Make an exact transcript of the lines in the data below, starting with the one containing "Lattice Semiconductor Corporation" and going on through the one containing "Фото №25: 3-комнатная", with both included and the pictures left out.

PROVIDED RECORDS:

======

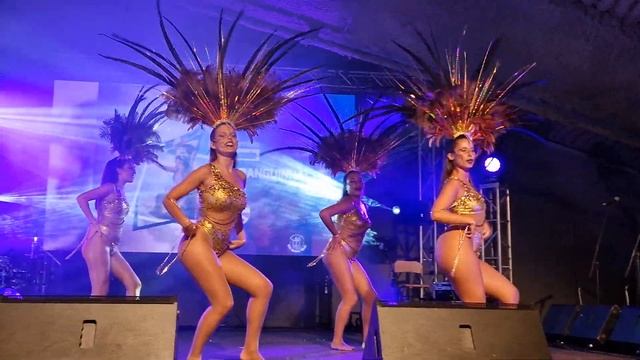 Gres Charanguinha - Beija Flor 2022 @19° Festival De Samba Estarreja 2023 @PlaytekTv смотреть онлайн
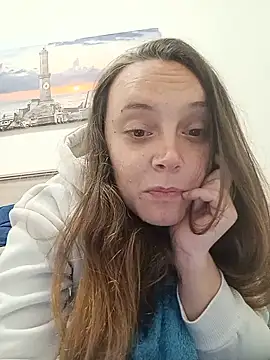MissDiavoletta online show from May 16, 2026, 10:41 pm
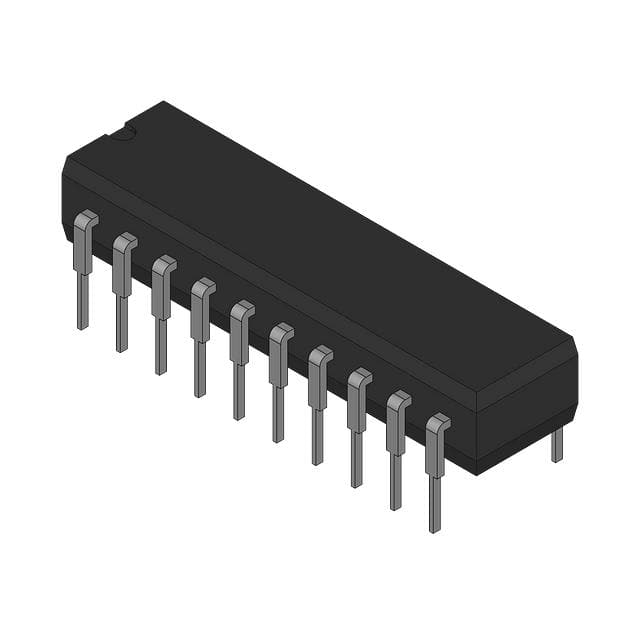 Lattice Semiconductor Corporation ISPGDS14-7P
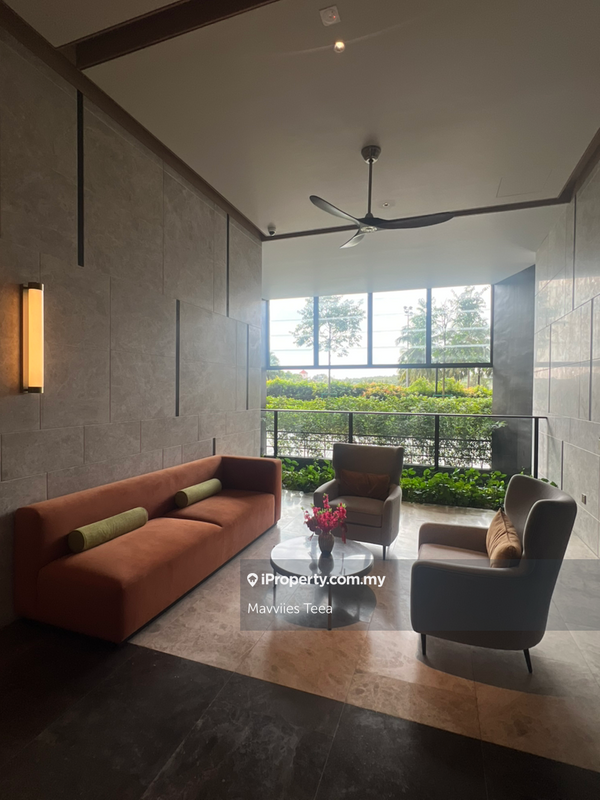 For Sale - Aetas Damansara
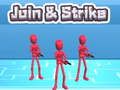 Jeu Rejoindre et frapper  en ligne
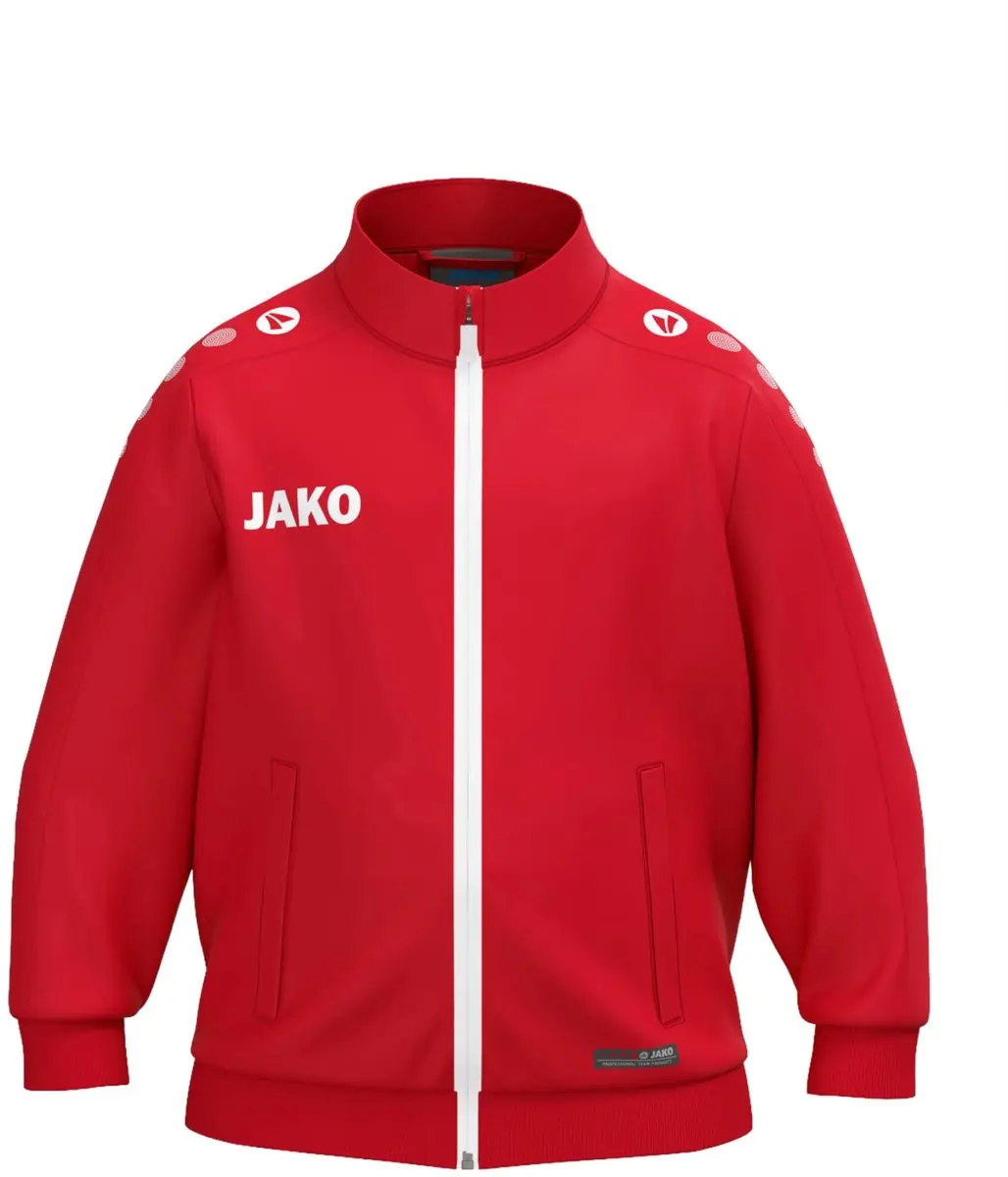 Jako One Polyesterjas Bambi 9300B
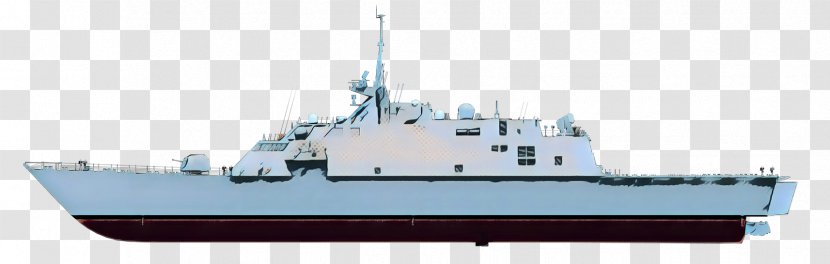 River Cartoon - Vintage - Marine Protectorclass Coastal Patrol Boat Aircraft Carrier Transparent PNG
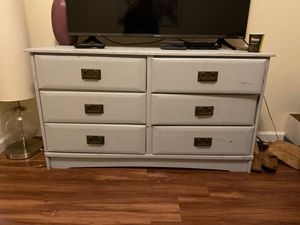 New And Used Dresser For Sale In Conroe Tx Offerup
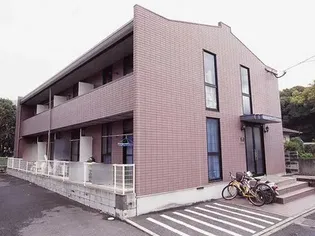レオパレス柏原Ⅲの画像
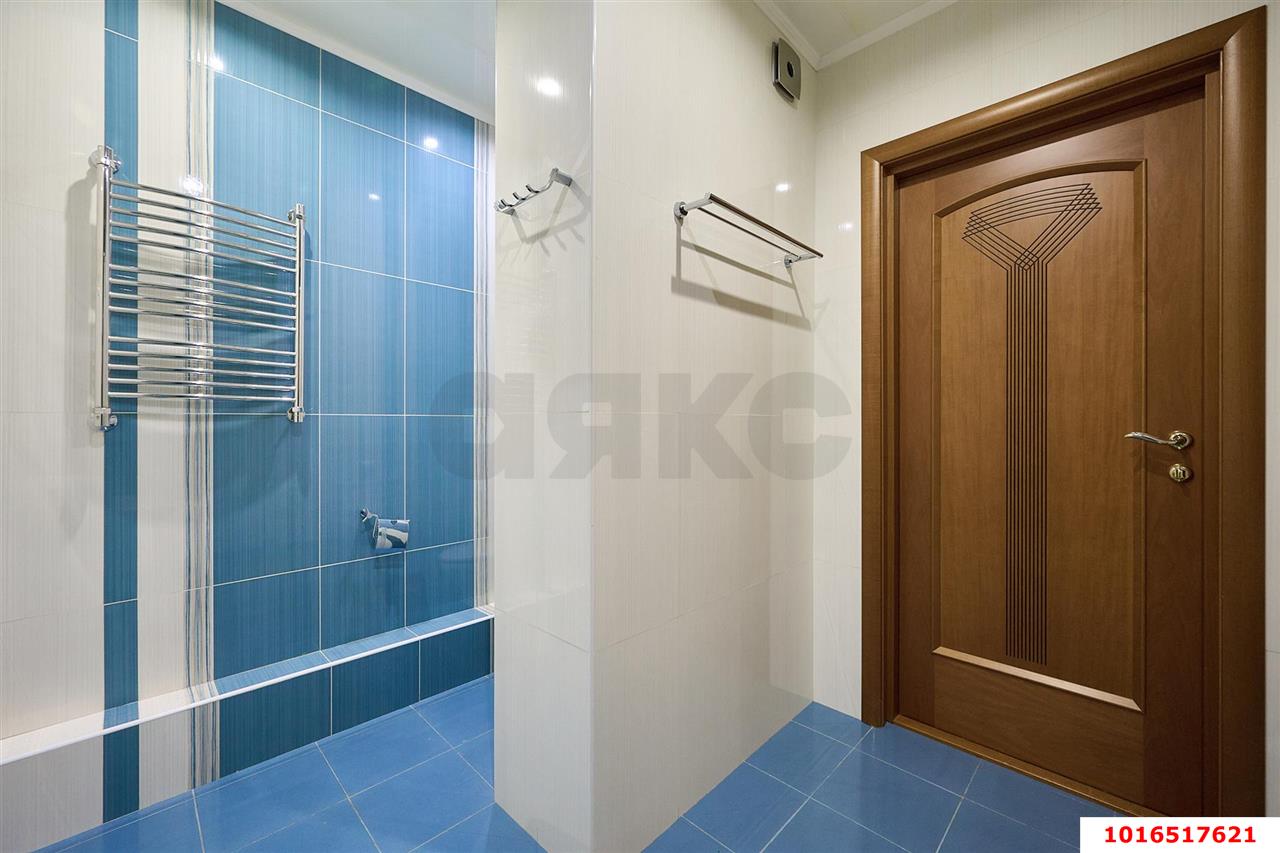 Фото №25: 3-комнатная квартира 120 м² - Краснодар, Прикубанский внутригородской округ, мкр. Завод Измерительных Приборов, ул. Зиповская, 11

======

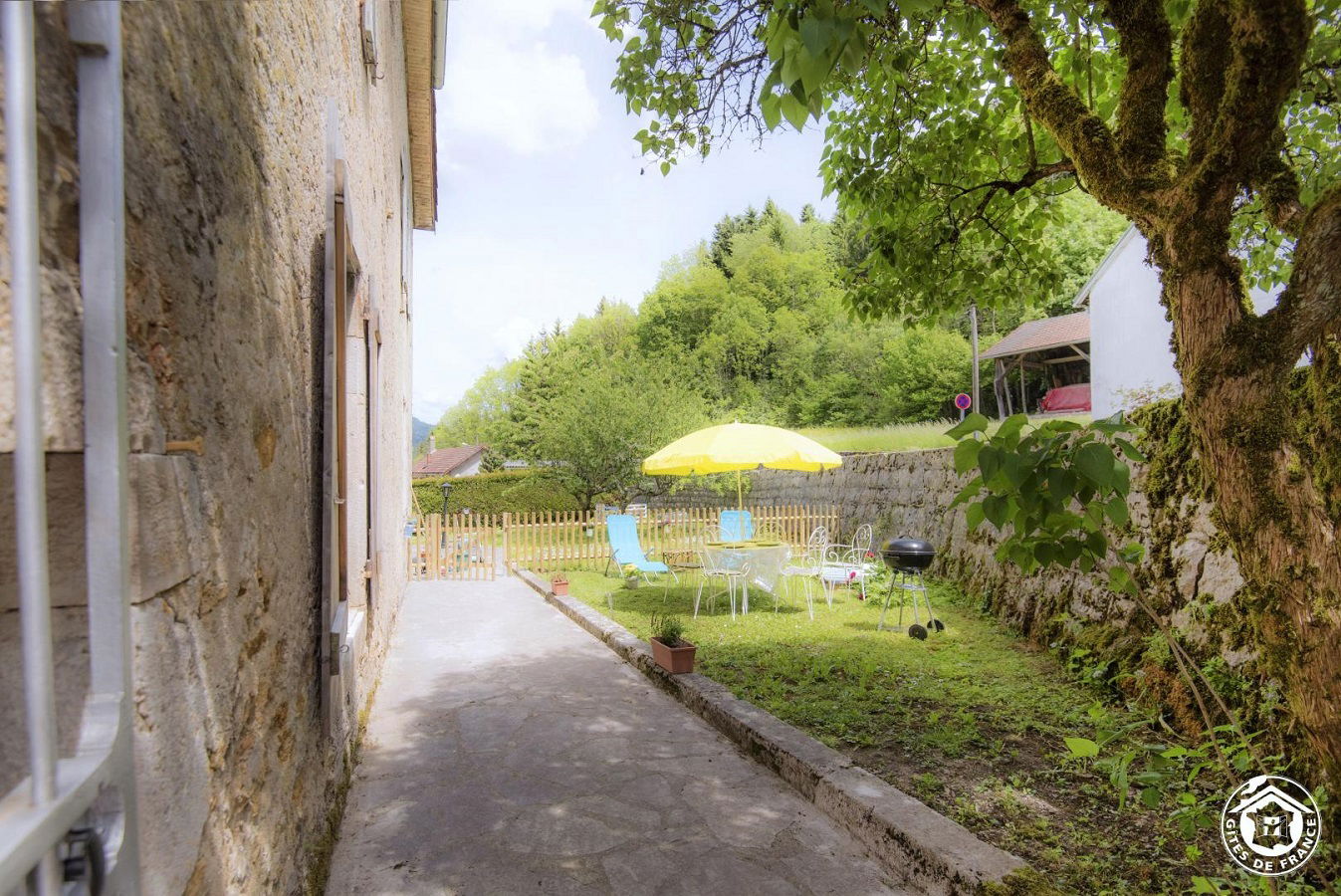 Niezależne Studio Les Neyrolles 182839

======

RESPONSE TO THE EXERCISE:
 Lattice Semiconductor Corporation ISPGDS14-7P
 For Sale - Aetas Damansara
 Jeu Rejoindre et frapper  en ligne
 Jako One Polyesterjas Bambi 9300B
 River Cartoon - Vintage - Marine Protectorclass Coastal Patrol Boat Aircraft Carrier Transparent PNG
 New And Used Dresser For Sale In Conroe Tx Offerup
レオパレス柏原Ⅲの画像
 Фото №25: 3-комнатная квартира 120 м² - Краснодар, Прикубанский внутригородской округ, мкр. Завод Измерительных Приборов, ул. Зиповская, 11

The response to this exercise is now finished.